In every account of salvation after the resurrection of Jesus, the Gospel taught by one person to another is the power that moved them to seek for salvation. In every case, the Gospel made informed believers of them. And in every case, the believers were baptized to remove their sins, to save them, to make them children of God, and to make them members of the Lord’s Church -- citizens in the Kingdom of God.

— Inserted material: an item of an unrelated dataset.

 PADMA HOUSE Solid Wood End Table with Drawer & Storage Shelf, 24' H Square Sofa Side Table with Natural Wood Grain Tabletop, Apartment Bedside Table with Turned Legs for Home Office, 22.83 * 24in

Regarding those who asked about great salvation, all of them were moved by an intense, soul-rending need to be saved. Until I get to the same place, I will not be saved. What must I do to be saved? Jesus said I must believe. “If you do not believe that I am He, you will die in your sins” (John 8:24). Jesus said that I must repent of my sins. “Unless you repent you will all likewise perish” (Luke 13:3). Jesus said I must confess His name in the presence of others. “Therefore whoever confesses Me before men, him I will also confess before My Father who is in heaven. But whoever denies Me before men, him I will also deny before My Father who is in heaven” (Matthew 10:32-33). Jesus said I must be baptized, immersed for the removal of my sins. “He who believes and is baptized will be saved” (Mark 16:16). The promise of salvation is only to those who do the will of the Lord. “Not everyone who says to Me, 'Lord, Lord,' shall enter the kingdom of heaven, but he who does the will of My Father in heaven” (Matthew 7:21).